3. The Participatory Anthropic Principle
Of all the big questions of life, universe, and everything else, the biggest one is why all of it exists at all? While we may never know the precise circumstances that led to its beginning, we can still – theoretically – discuss the possible reasons for its existence.
Many theories exist, though one of the weirdest states that the universe exists only because of the observer: us. Known as the Participatory Anthropic Principle, it takes a commonly-known concept in quantum physics and applies it to the universe. In a quantum experiment, it’s impossible to take readings without – in some way – meddling with the experiment. That has huge implications, as it means that all of our observations are inaccurate. It’s impossible to know what quantum particles are doing when no one is looking. In other words, if this theory is correct, all the properties of physics, planets, galaxies and everything else exist only because we’re observing them.
2. The Single Electron Universe
Everything across the universe is made up of suspiciously similar electrons, which has been a standing mystery for scientists for some time now. Every electron that has ever been observed in the lab has the same charge, mass and shape, which doesn’t make sense.
According to one quantum physicist, though, there’s a perfectly good reason for it: every electron is actually the same electron, rapidly moving through dimensions like space and time to make up everything in our reality. The antimatter counterpart of an electron – a positron – is that same electron too, only going backward in time instead of forward.
Of course, a lot of it remains speculative, as we have no equipment that can prove the existence of this single, all encompassing God of an electron. If true, however, it stands to explain many other mysteries of the universe.
1. The Unreasonable Applicability Of Mathematics
Even if most people tend to hate mathematics, everyone can agree on one thing: it makes sense. You can come to a mathematical conclusion using wildly different methods unrelated to each other, and the answer would be the same every single time. It applies in nature too. Many ancient calculations – like the size of Earth – have been later confirmed with modern equipment and likely with completely different, more advanced methods.

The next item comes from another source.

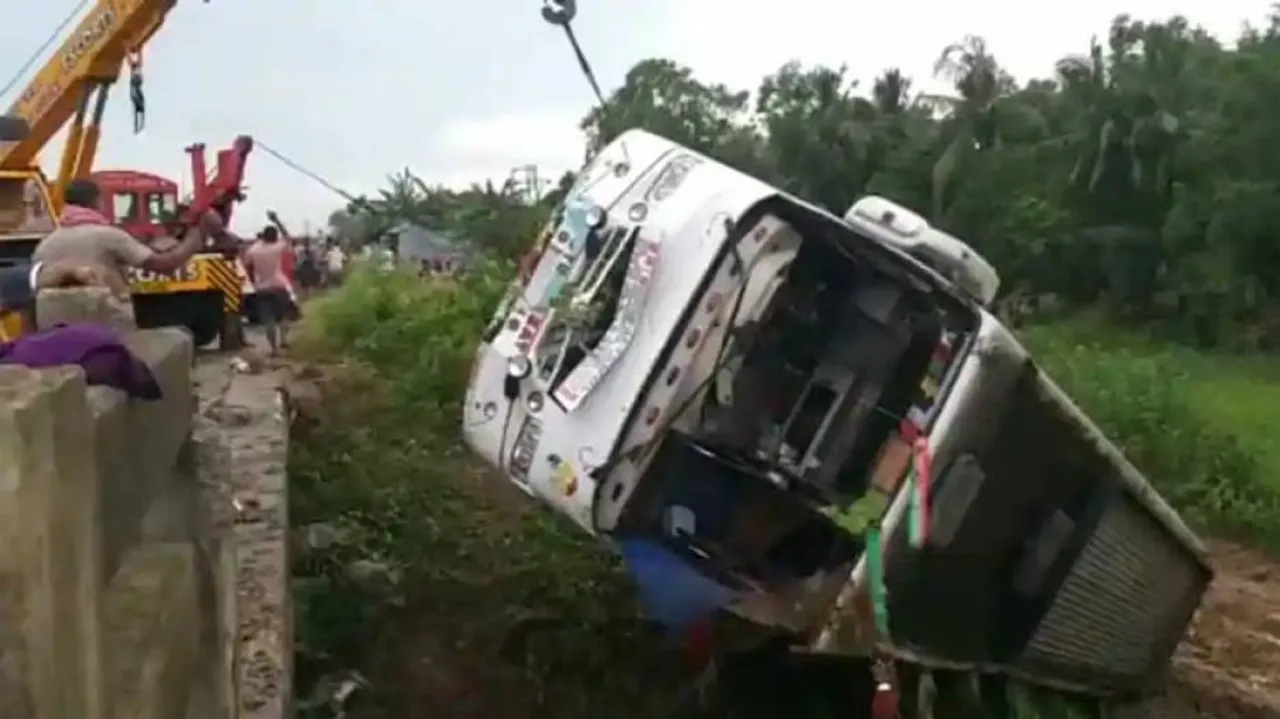 Bus Ferrying Migrants From Kerala To West Bengal Overturns In Odisha, 7 Injured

Mathematicians in different fields have been accidentally confirming each others’ results for ages. It doesn’t just make sense; it makes too much sense. Why does the entire universe – with wildly different factors that should influence a mathematical outcome – follow the same mathematical rules?
This is the universal and unreasonable applicability of mathematics, and scientists and thinkers alike have been trying to explain it for a while now. It’s not just restricted to mathematics, either. The universe, in general, seems to be made up of factors that are just right for a place like Earth. If any universal value – like the mass of an electron, speed of light, gravity – was even a bit different, the universe would have looked a lot different than it does now, and we may have never existed.